(Listed records)
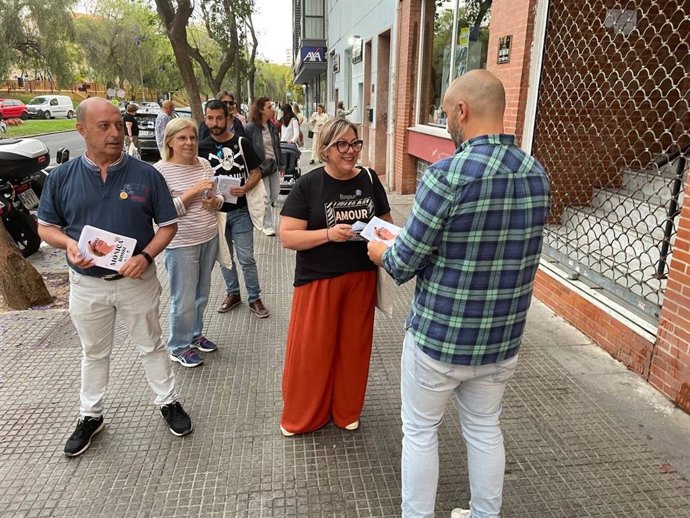 La candidata a la alcaldía de Huelva de la confluencia de Izquierdas (Izquierda Unida, Podemos, Iniciativa del Pueblo Andaluz), Mónica Rossi, en un reparto electoral.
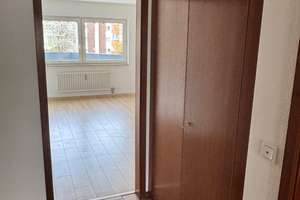Helle Wohnung im 1.OG mit großem Balkon – Suntumer Straße 12, 44803 Laer, Bochum – Vorschaubild 6
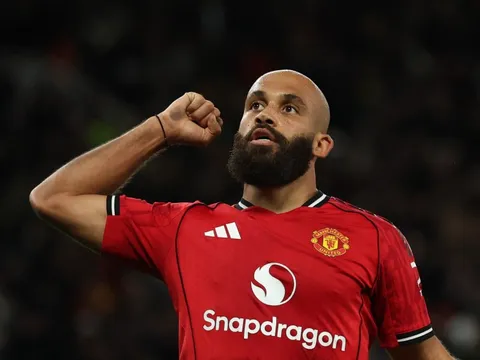 MU đẩy Mbeumo vào thế khó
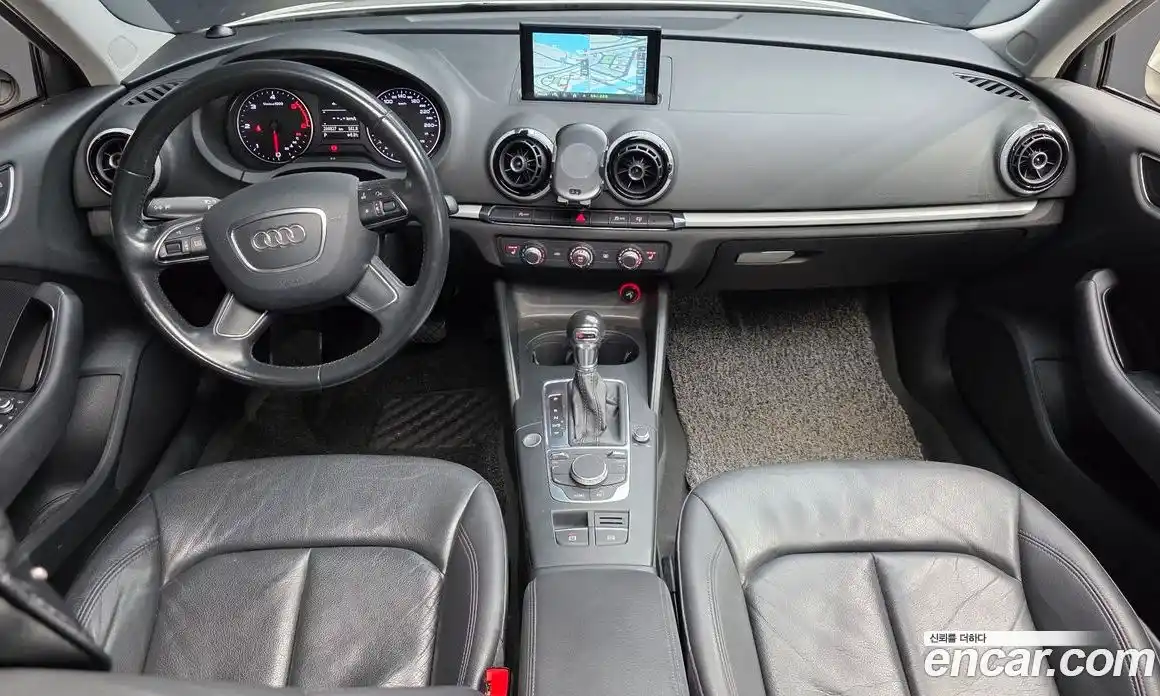 Audi A3 2015 1.6 Автомат в Москве № 154076, фото 4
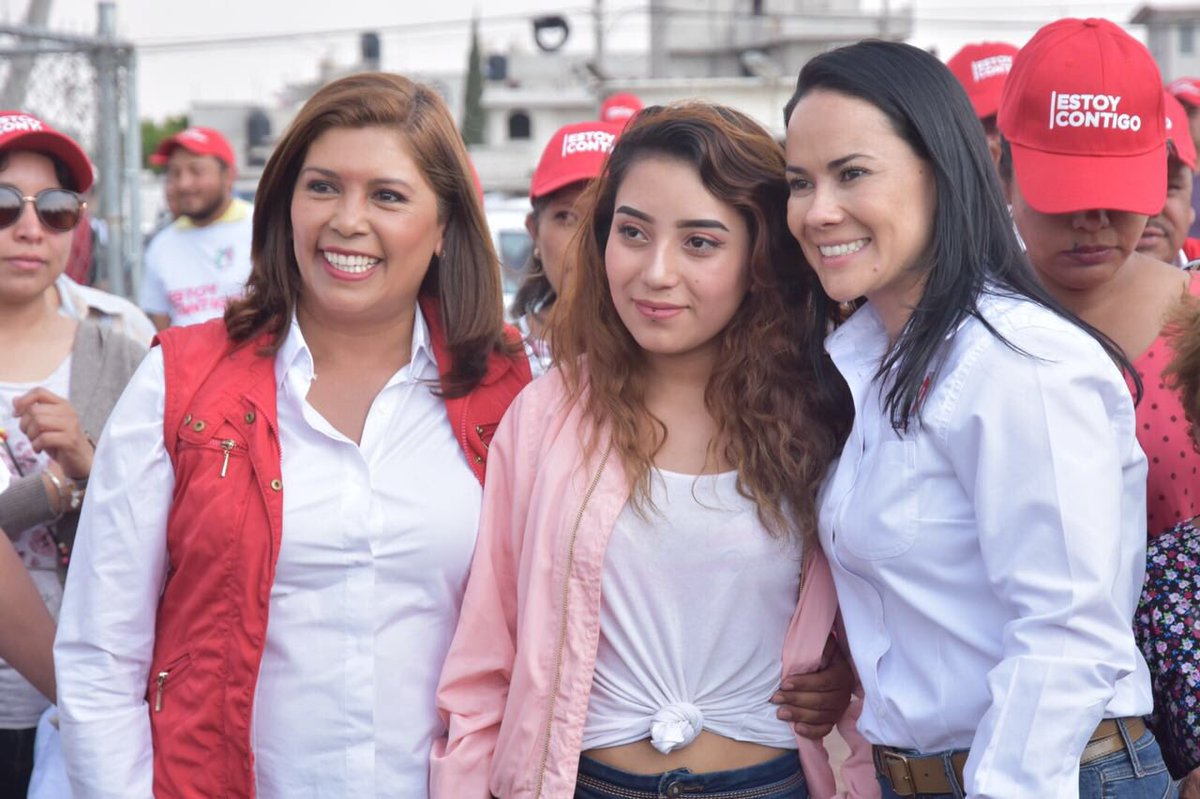 AlejandraDMV's tweet photo. La circunstancia actual, nos reta y nos obliga a dar lo mejor. Tenemos una oportunidad histórica, para hacer la diferencia. Como mujer y de ❤️ les digo: juntas, de su mano, en una sola voz, vamos a ganar!!! 🤝🙌🏻 #VillasDelSol #Ecatepec https://t.co/siCeTkzwqg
(End Listed records)
**The problem**. Output, exactly and only, the lines beginning with the one that contains "Audi A3 2015" and ending at the last line of the records above. Drop the pictures.

**Exercise solution**.
 Audi A3 2015 1.6 Автомат в Москве № 154076, фото 4
 AlejandraDMV's tweet photo. La circunstancia actual, nos reta y nos obliga a dar lo mejor. Tenemos una oportunidad histórica, para hacer la diferencia. Como mujer y de ❤️ les digo: juntas, de su mano, en una sola voz, vamos a ganar!!! 🤝🙌🏻 #VillasDelSol #Ecatepec https://t.co/siCeTkzwqg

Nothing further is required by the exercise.